九州大学病院のがん診療

皮膚がん

診断

十分な経験を持った皮膚科専門医であれば、皮膚がんは視診(よく見る)だけで比較的簡単に診断できます。悪性黒色腫乳房外パジェット病、日光角化症、菌状息肉症などでは良性の疾患ととても似ていることがあります。これらの早期病変ではわかりやすい腫瘤形成などはなく、皮膚の色や性状の変化が少しある程度ですので、皮膚科専門医でないと正確な診断は難しいかもしれません。

ダーモスコピー

拡大鏡のような道具を用いて行う検査です。表面での光の乱反射を抑え皮膚内部の構造や色素の分布、血管の走行などを観察できます。検査に伴う痛みなどはありません。悪性黒色腫や基底細胞がんと普通のほくろやシミなどを見分けるのに特に有用です。

皮膚生検

皮膚がんの確定診断は皮膚生検によって行います。局所麻酔薬を注射して、がんの一部(3-4mm程度)を切り取って病理検査(顕微鏡検査)を行います。
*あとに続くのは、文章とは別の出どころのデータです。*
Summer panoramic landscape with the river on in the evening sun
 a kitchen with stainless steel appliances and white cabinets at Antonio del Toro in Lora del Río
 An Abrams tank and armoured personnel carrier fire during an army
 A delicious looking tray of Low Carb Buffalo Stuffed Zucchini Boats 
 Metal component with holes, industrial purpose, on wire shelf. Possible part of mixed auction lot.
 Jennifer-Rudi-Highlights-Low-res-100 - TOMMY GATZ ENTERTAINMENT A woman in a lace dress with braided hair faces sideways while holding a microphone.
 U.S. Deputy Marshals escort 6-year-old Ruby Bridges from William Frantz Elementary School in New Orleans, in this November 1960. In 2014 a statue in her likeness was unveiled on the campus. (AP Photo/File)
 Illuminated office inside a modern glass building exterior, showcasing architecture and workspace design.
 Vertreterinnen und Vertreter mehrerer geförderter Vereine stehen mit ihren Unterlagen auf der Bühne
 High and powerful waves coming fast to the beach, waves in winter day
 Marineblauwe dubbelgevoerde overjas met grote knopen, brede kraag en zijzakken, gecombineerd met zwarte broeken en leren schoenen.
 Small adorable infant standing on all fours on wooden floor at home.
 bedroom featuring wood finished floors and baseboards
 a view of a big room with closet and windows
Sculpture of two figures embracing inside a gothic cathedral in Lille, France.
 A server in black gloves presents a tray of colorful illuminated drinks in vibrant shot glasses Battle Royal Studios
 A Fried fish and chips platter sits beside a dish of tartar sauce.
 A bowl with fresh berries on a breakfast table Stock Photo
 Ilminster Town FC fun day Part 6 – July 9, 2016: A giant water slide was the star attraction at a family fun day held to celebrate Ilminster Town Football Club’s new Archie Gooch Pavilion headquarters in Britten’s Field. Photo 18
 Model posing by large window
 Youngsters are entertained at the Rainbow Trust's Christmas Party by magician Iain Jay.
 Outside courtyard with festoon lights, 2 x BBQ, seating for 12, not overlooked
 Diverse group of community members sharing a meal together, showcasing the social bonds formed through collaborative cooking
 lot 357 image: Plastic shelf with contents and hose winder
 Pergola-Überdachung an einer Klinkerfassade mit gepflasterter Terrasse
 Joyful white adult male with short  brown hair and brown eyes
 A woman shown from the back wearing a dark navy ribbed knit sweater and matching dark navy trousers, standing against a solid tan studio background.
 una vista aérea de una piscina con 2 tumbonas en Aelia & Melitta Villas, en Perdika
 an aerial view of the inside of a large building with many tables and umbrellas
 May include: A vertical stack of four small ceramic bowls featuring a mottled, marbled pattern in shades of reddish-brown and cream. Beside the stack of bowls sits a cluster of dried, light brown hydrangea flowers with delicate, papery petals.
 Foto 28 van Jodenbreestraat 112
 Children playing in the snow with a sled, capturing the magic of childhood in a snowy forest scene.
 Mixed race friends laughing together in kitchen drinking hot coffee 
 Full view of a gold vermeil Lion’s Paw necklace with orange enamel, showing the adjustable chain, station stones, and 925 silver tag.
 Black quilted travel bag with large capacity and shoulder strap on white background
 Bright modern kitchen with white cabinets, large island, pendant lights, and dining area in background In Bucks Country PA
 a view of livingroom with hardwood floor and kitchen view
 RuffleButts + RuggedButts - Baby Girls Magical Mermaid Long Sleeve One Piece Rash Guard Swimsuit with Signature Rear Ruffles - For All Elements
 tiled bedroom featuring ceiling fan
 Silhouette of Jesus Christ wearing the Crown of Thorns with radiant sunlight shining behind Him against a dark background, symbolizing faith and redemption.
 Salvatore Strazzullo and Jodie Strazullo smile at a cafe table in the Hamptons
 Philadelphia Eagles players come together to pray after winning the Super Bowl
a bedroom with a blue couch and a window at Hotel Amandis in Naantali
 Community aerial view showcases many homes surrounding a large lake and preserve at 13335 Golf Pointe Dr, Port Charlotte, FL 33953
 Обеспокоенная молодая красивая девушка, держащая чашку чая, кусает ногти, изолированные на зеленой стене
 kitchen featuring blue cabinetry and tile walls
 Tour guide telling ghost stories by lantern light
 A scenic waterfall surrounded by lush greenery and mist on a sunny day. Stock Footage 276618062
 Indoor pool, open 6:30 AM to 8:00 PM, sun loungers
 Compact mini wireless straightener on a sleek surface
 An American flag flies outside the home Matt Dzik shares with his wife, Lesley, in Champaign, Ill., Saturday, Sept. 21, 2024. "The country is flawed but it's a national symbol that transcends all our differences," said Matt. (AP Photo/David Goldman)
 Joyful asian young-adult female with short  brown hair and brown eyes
悪性黒色腫の場合はできるだけ病変全体を切除し病理検査を行い、診断とその後の治療方針を決定します。

画像検査

皮膚生検により皮膚がんの診断がつき、さらに進行がんの可能性がある場合は、超音波検査CT検査、MRI検査、PET-CT検査などの画像検査を組み合わせて、全身に転移があるかどうかを調べます。がんの中でも進行している悪性黒色腫や血管肉腫、比較的大きな有棘細胞がんなどでは、特にこの全身検索が重要です。抗がん剤治療中や、病気の進行度によっては手術を行ったあとも、再発や転移がないかどうか定期的に画像検査を行います。

用語解説
悪性黒色腫 : 色素細胞(メラノサイト)の癌化によって生じる悪性腫瘍
乳房外パジェット病 : 皮膚に分布しているアポクリン汗腺に由来する皮膚の悪性腫瘍で、乳房以外の場所に発生するもの
ダーモスコピー : 皮膚にできた腫瘍の良悪性を区別する際に用いる拡大鏡
超音波検査 : 超音波を当て、反射する反射波を画像処理し臓器の状態を調べる検査
CT : コンピュータ断層法。身体の横断断層を撮影する特殊なX線装置
MRI : 強い磁石と磁気を利用して体の内部を検査する機器
PET : がん細胞だけに集積する検査薬を体内に取り込み専用の装置で体を撮影する画像診断法。